We’re seeing challenges from retailers saying these margins now don’t make it viable for me. I want a straight pack. We’re saying that we totally understand why you want to do that, but we don’t think that’s the way to solve this problem, because that will bring another problem. You will then start seeing inappropriate pricing in stores and the consumer not trusting that that’s a fair price for that product. Consumers love PMPs. And it’s all about trust. They were brought in for a reason, and we’ve managed to build that trust with consumers that you can get great value in convenience. If consumers don’t see that price mark, they say, well, how can I rely on that price, I had better go and check it. They’re not trusting you. We don’t want that. We want the supply chain to fix this within a price marked pack format, because it will drive other costs. Because if I can’t get that in a straight pack, well, I’ll buy the bigger one then. Then the consumer is going to pay a higher price. They then start thinking that’s expensive. I’m sure that was only £1.25 last year. It’s now £1.99 or £2.50. Yeah, but it’s a different size. They see a price increase. They then start thinking, well I’m not going to buy from there anymore. Not only do they not buy that product, but they don’t buy the price mark next to it that they came in for, they don’t buy the newspaper.
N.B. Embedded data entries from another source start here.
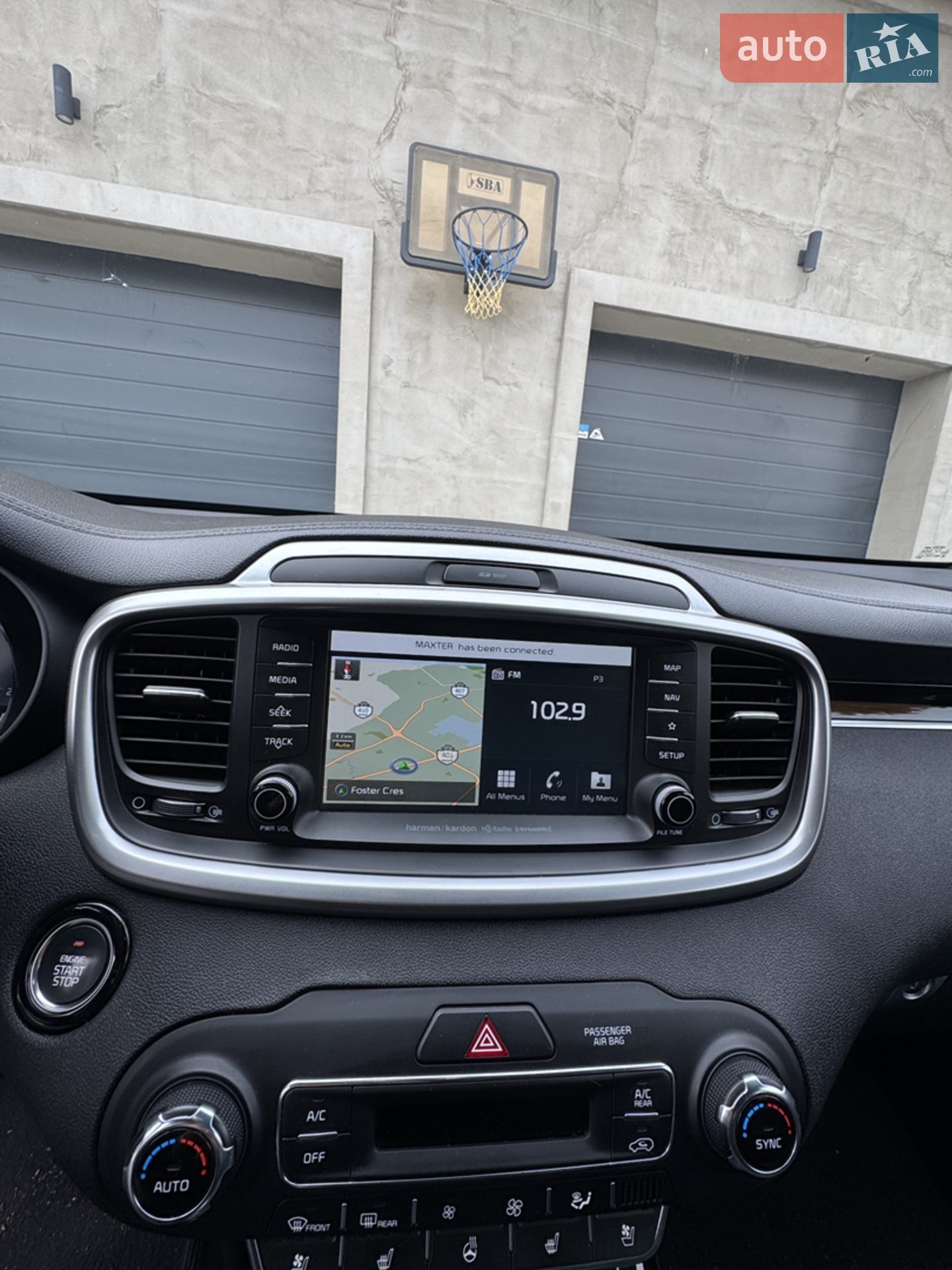 2018 Kia Sorento - мініатюра 18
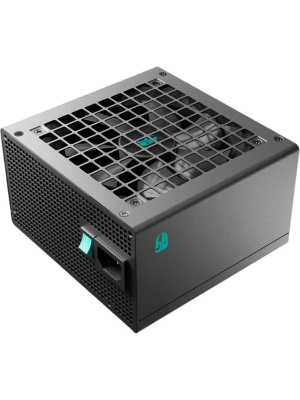 ���� ������� Deepcool ATX 700W GamerStorm PF700X 80+ bronze (20+4pin) APFC 120mm fan 6xSATA RTL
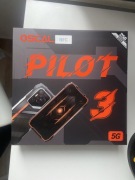 OSCAL Pilot 3 – mocny smartfon z dużą baterią i pamięci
They don’t buy the pack of cigarettes.
We do not want to move away from price marks. We want the supply chain to recognise this issue, protect the margin and make it work.
Are suppliers understanding that?
Some are, absolutely. Some have responded, some have come back and said, look, we hear it. We’re doing this, we’re doing the right thing. I know some that aren’t. We’re going to have those awkward conversations. No doubt there will be a take it or leave it attitude. There will be some brands that say, if you want my brand, regardless, you will buy it. But what you have seen is, in some cases, even the biggest brands in the world are seeing their market share being challenged because there are some good quality products. You only have to look at what the discounters, Aldi and Lidl have done with own brand, they have created a whole market where own brand is not being seen as cheap and nasty.
Do you have a target to growing the membership further?
It’s not key to us to grow the number of members, and the volume that sits within the group is a significant enough volume that we can work with. We believe there is still opportunity to give those existing members a better return. That’s our priority.
How is the Unitas own brand range performing?
It is performing very well. We are looking to double the range. There are 120 SKUs out there now, within the year, we think that’s going to be probably over 200 and near to 240. The market conditions lend itself to own brand so it will continue to grow.
Why do you think Unitas was named the suppliers’ favourite wholesaler in the 2024 Advantage Report?
We made a stance, a few years ago, saying, we want to start building collaborative relationships. That’s not just saying it, it’s actually doing it. We made sure that as a team, we are more out with suppliers in depots, not just doing work in the office. We want more face-to-face meetings. We made a positive stance to say, banging the table does not build relationships and give you a better price. It’s very short term. It’s not the way we want to work. We want strategic, collaborative relationships. And now, it’s coming through, we have seen that happening. Suppliers are saying, you’re working with us, you’re understanding our brands, and you’re helping us execute our brand plans, and that’s great. We are very proud of that, because we’ve changed the culture of our trading team, and we changed personnel because we wanted a different way of working. That doesn’t happen overnight, That takes time to change. Cheryl Hope, our Trading Director, has been instrumental in building that relationship with suppliers. We think we’re going in the right direction, that’s what has been recognised in the supply chain.